Top of Provided data
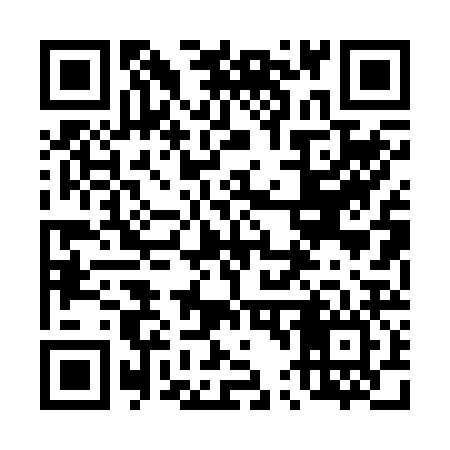 QR code for 440226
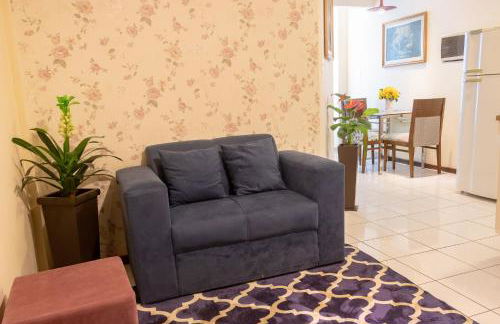 Apart vitória - Photo 21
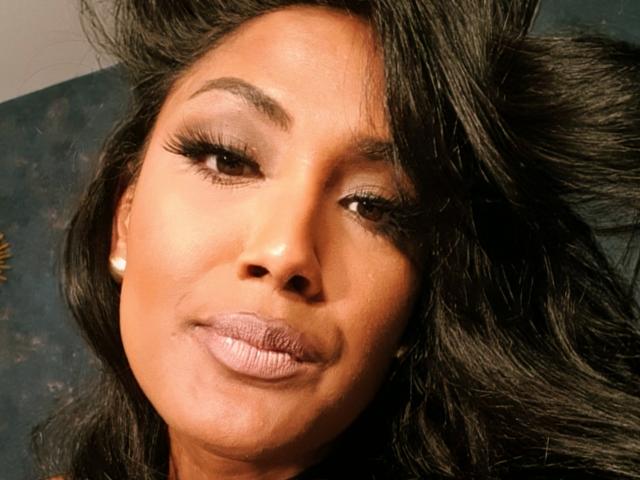 Shaniabeaute - Live porn &amp; sex cam - 25536657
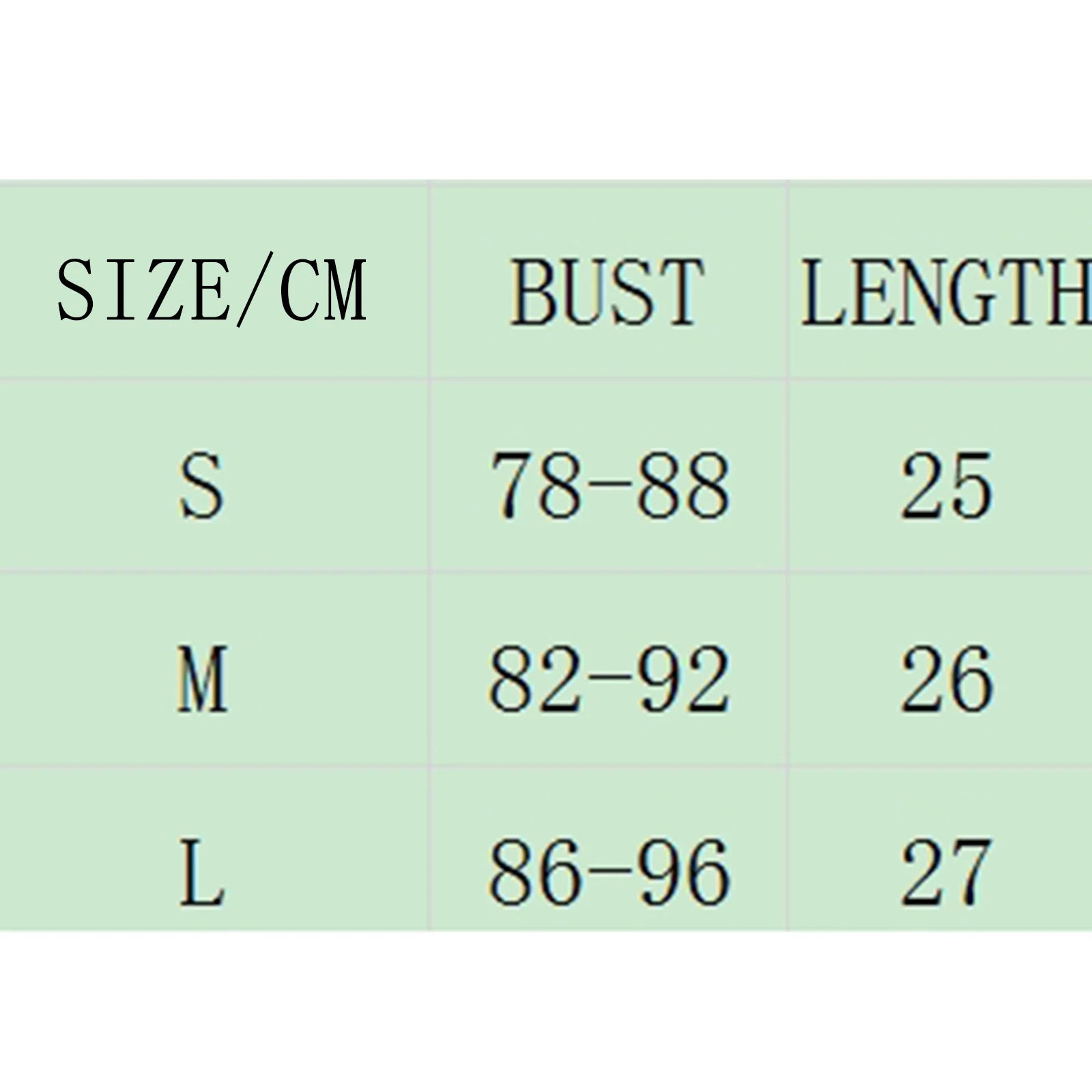 Summer Women Flower Print Fitted Tube Tops Slim Fit Crop Tops Sleeveless Off Shoulder Strapss Bandeau Tops Going Out Tops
Bottom of Provided data
From the material above, output every line exactly as written, dropping any picture.

Solution>
 QR code for 440226
 Apart vitória - Photo 21
 Shaniabeaute - Live porn &amp; sex cam - 25536657
 Summer Women Flower Print Fitted Tube Tops Slim Fit Crop Tops Sleeveless Off Shoulder Strapss Bandeau Tops Going Out Tops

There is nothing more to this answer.